PROBLEM REQUIREMENTS: Return only what runs from the line containing "بحضور مسؤولين: كادوريم" through the last line of the entries below, exactly, omitting pictures.

** GIVEN INFORMATION follows **

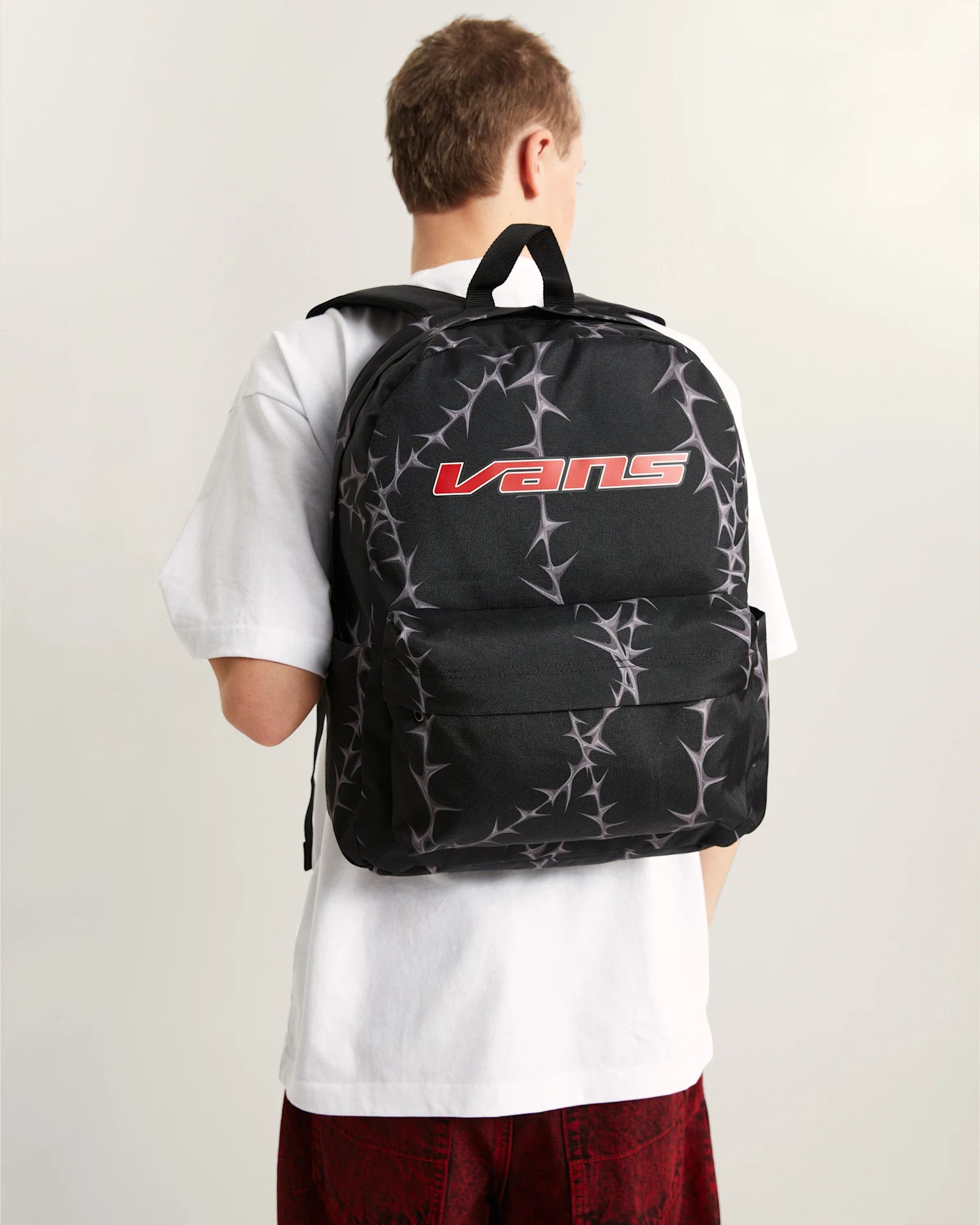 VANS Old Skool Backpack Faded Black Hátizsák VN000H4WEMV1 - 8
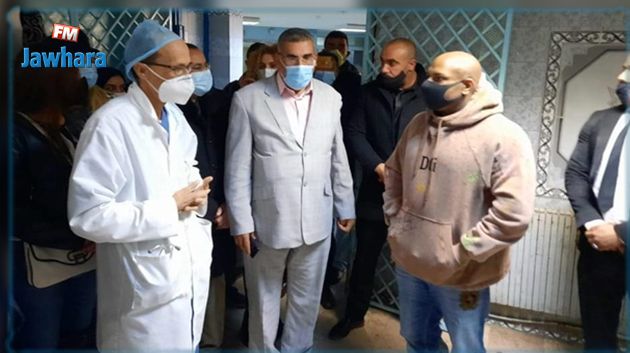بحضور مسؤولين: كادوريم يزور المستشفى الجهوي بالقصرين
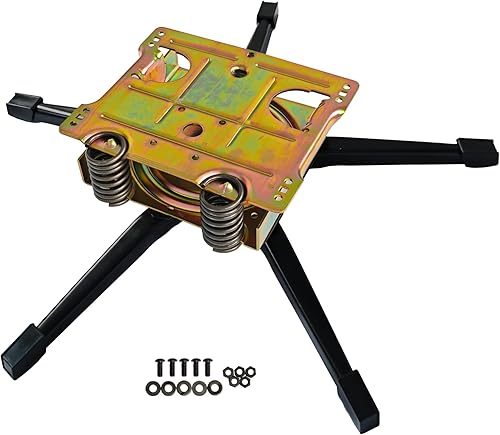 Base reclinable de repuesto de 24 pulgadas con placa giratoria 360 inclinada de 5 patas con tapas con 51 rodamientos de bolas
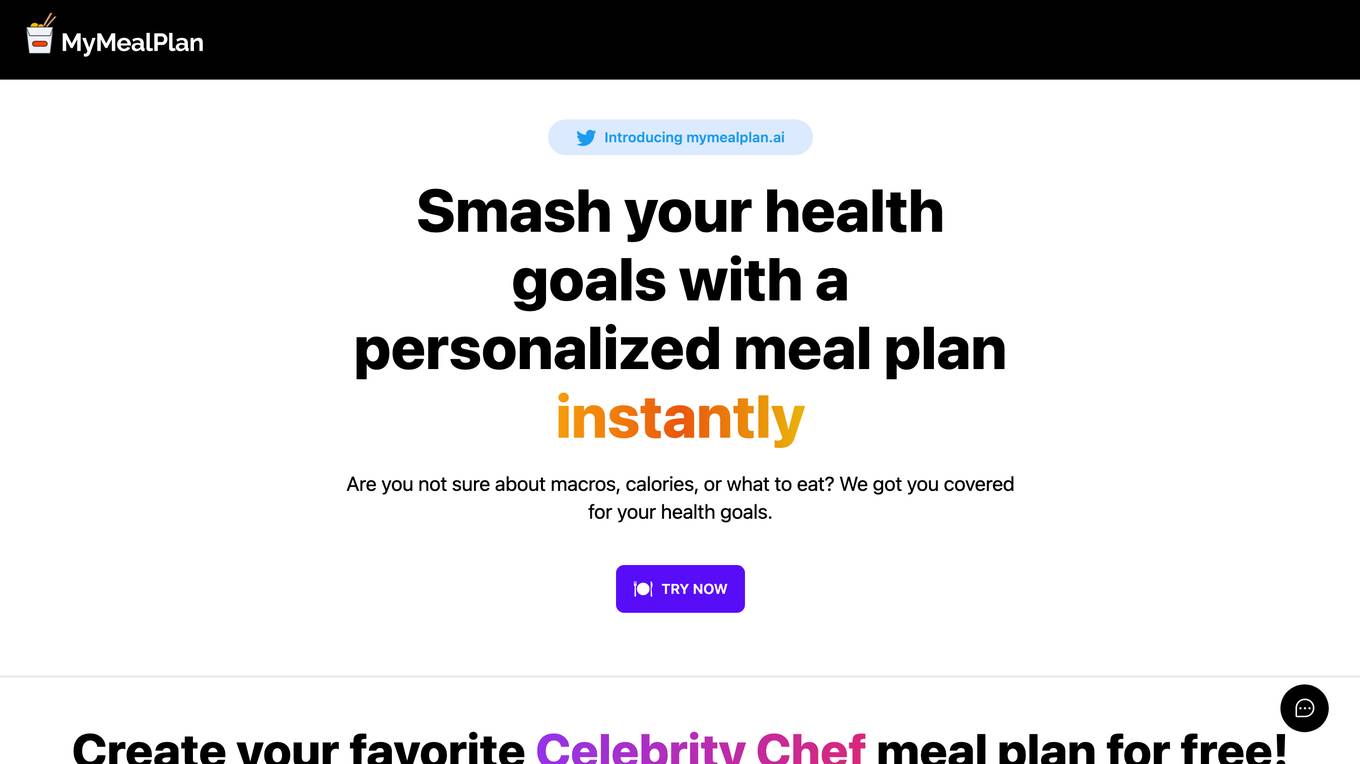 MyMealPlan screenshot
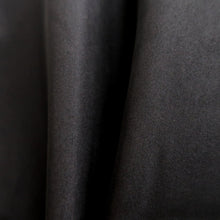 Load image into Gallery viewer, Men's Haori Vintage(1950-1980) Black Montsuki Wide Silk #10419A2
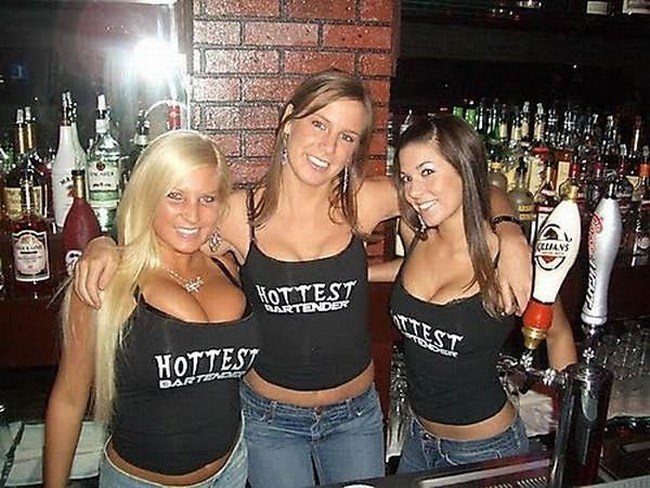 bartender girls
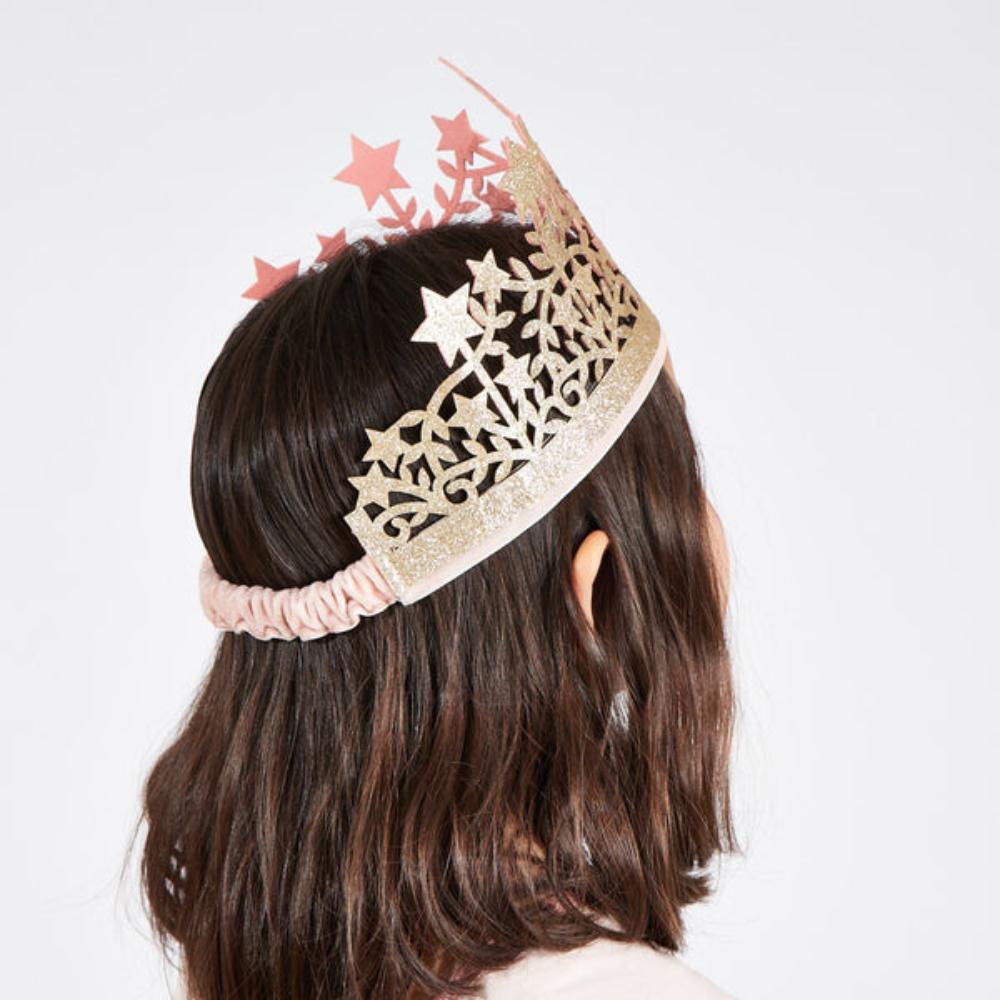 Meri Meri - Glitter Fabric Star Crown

** End of GIVEN INFORMATION **

ANSWER SPACE:
بحضور مسؤولين: كادوريم يزور المستشفى الجهوي بالقصرين
 Base reclinable de repuesto de 24 pulgadas con placa giratoria 360 inclinada de 5 patas con tapas con 51 rodamientos de bolas
 MyMealPlan screenshot
 Load image into Gallery viewer, Men's Haori Vintage(1950-1980) Black Montsuki Wide Silk #10419A2
 bartender girls
 Meri Meri - Glitter Fabric Star Crown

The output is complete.